_What is being asked_:
Your copy of the entries below should hold exactly the lines from the one containing "rafael_crespim's profile picture." to the one containing "Toyota Corolla 1.8L", inclusive, and no pictures.

_Input for this task_:
┄┄┄┄┄┄┄┄┄┄┄┄┄┄┄┄┄┄┄┄

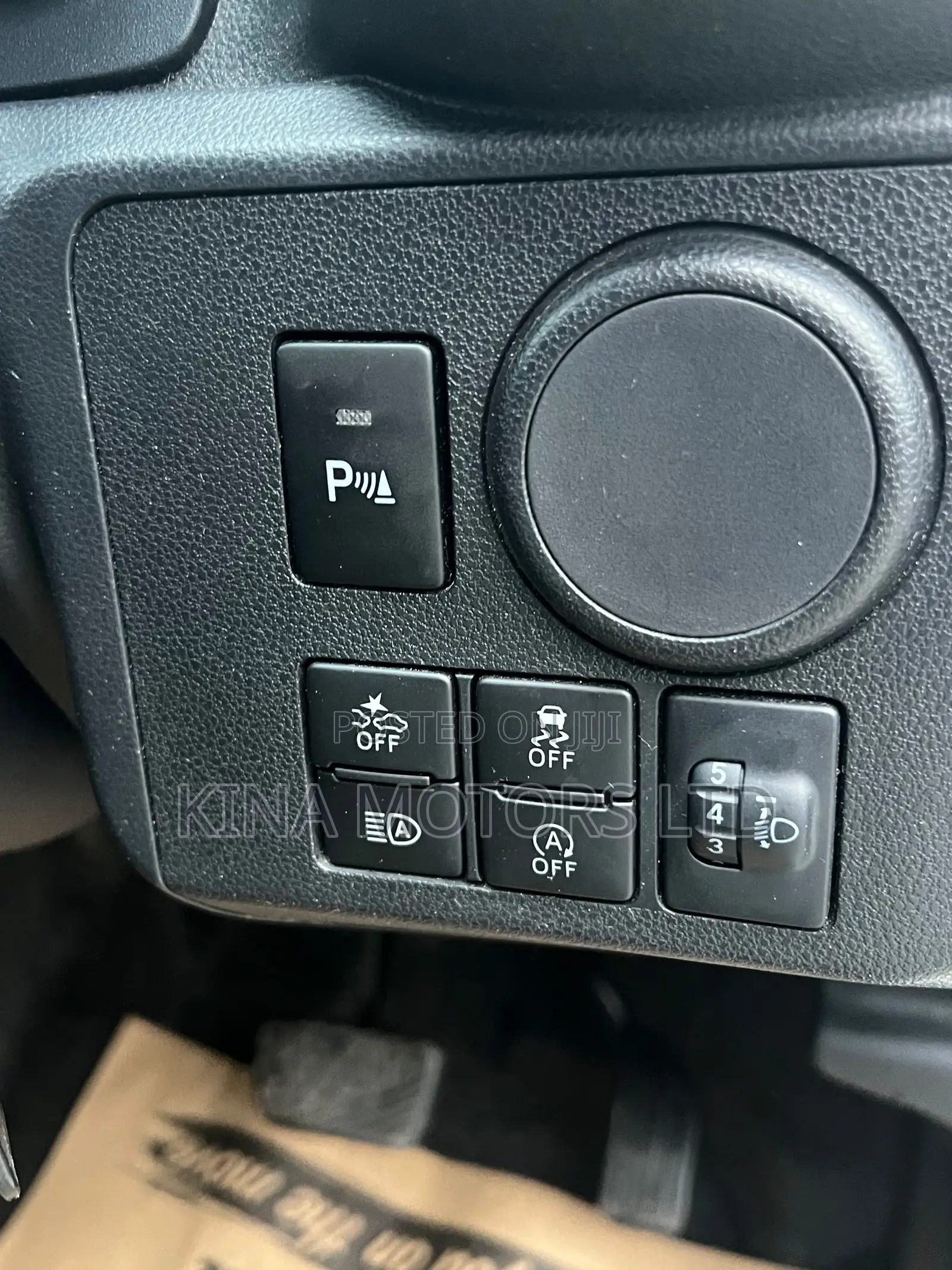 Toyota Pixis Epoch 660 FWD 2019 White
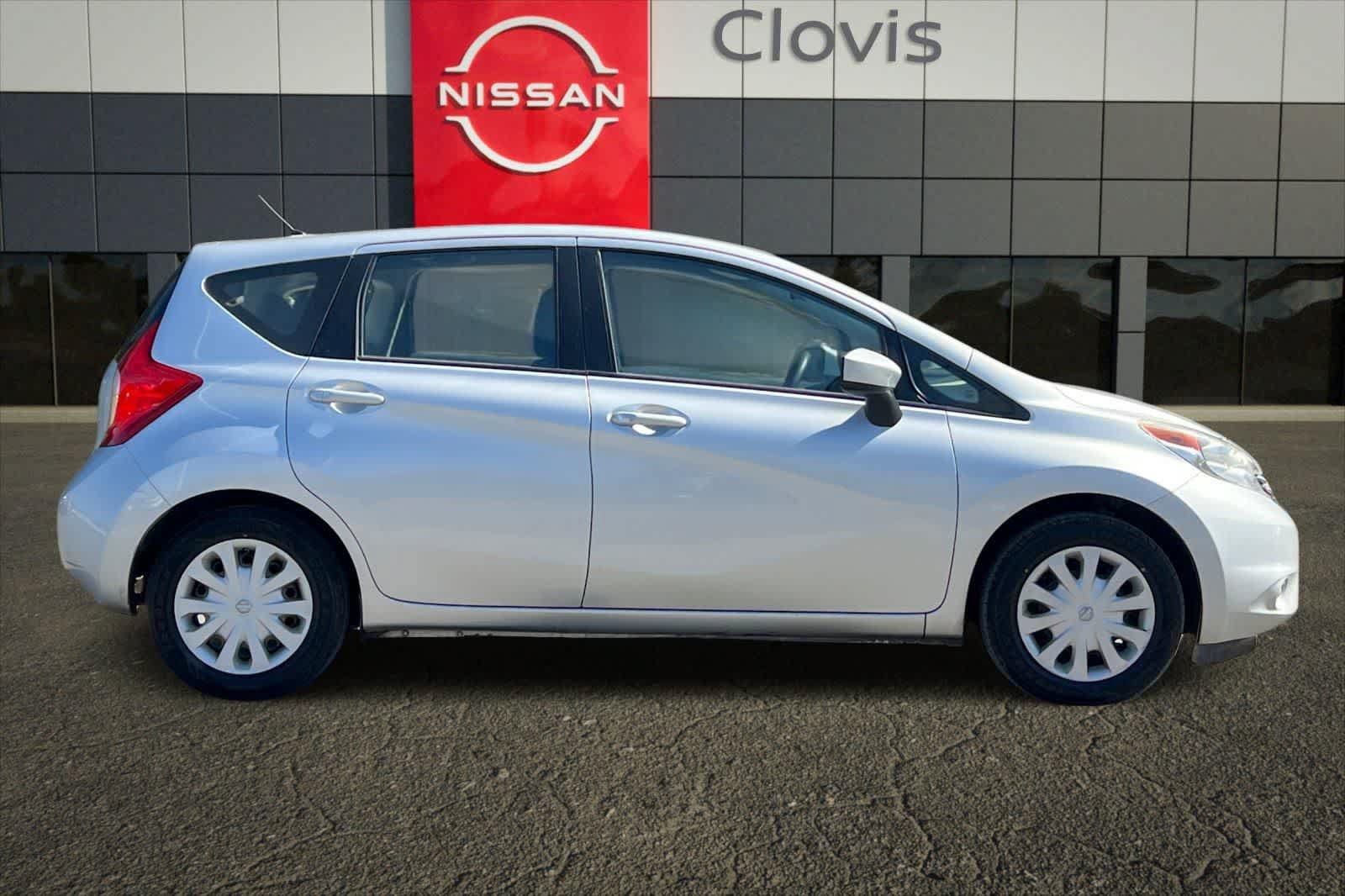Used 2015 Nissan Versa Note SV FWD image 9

┄┄┄┄┄┄┄┄┄┄┄┄┄┄┄┄┄┄┄┄

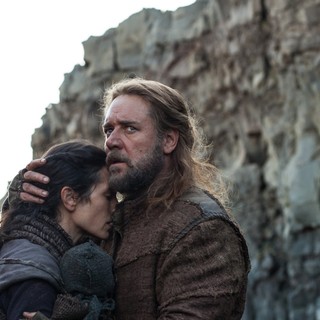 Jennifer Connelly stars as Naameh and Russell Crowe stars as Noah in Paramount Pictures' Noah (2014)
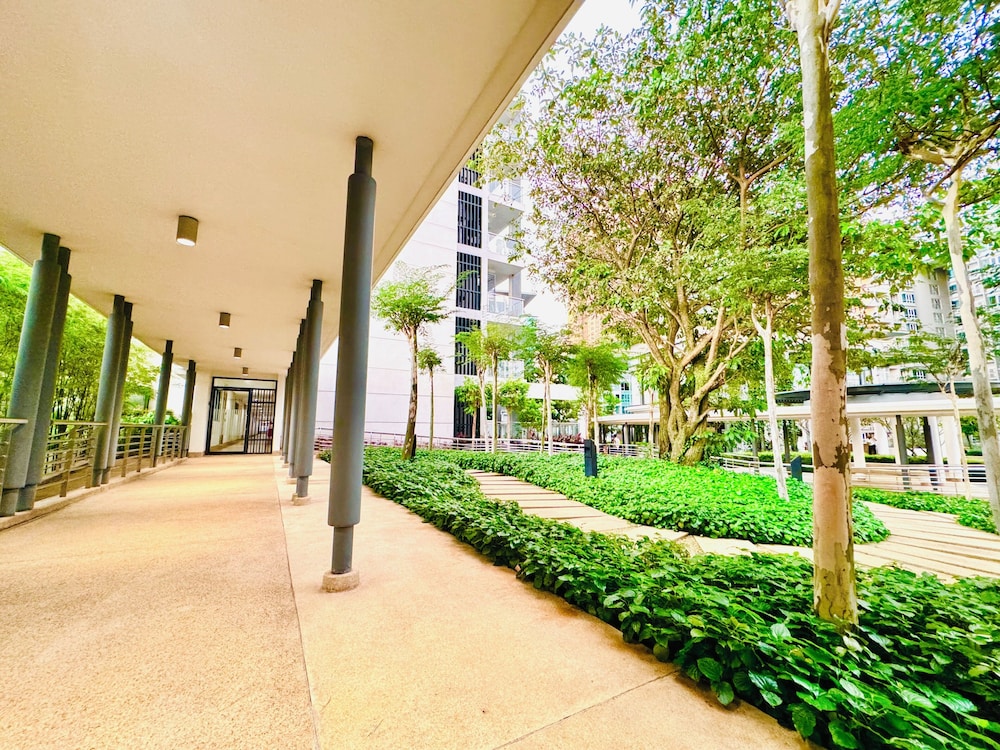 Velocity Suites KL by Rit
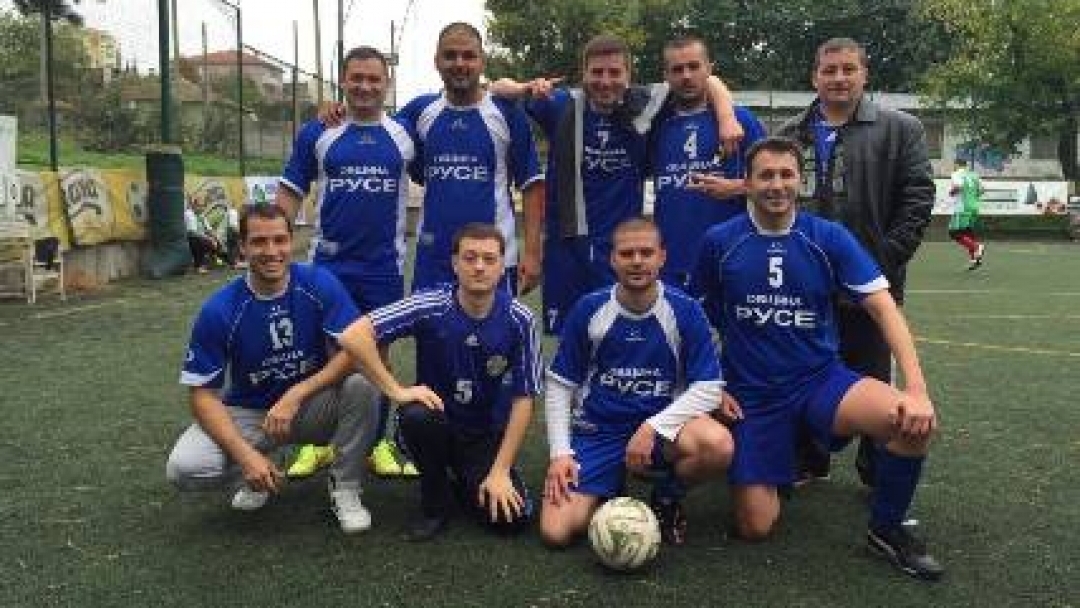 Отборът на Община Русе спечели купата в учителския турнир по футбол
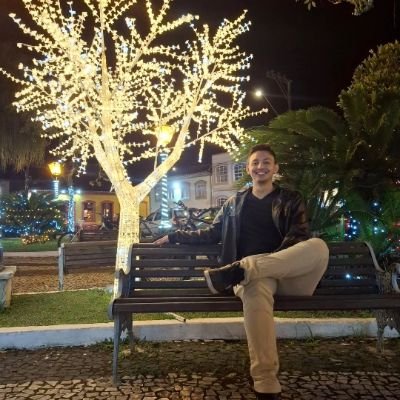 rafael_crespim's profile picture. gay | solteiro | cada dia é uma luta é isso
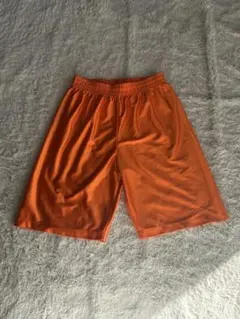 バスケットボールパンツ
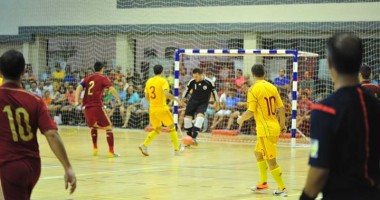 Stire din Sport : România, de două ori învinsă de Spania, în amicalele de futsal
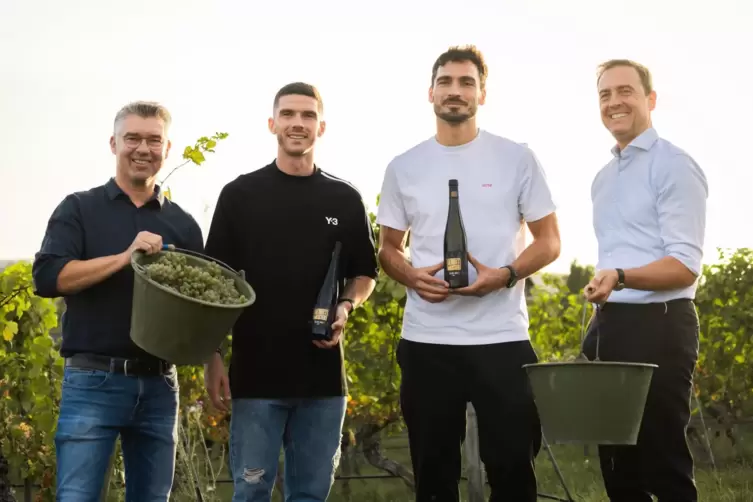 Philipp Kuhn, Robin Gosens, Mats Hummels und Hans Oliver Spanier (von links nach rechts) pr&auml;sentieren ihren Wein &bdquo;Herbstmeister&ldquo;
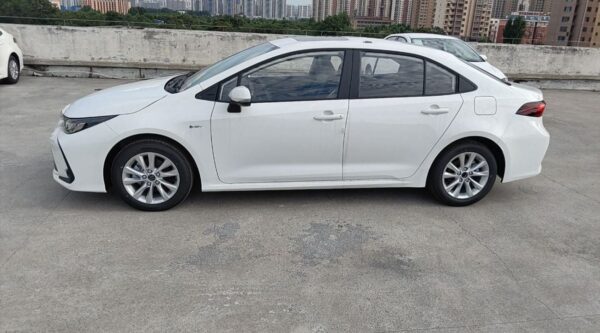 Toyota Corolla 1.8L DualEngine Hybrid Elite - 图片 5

┄┄┄┄┄┄┄┄┄┄┄┄┄┄┄┄┄┄┄┄

_Task result_:
 rafael_crespim's profile picture. gay | solteiro | cada dia é uma luta é isso
 バスケットボールパンツ
 Stire din Sport : România, de două ori învinsă de Spania, în amicalele de futsal
 Philipp Kuhn, Robin Gosens, Mats Hummels und Hans Oliver Spanier (von links nach rechts) pr&auml;sentieren ihren Wein &bdquo;Herbstmeister&ldquo;
 Toyota Corolla 1.8L DualEngine Hybrid Elite - 图片 5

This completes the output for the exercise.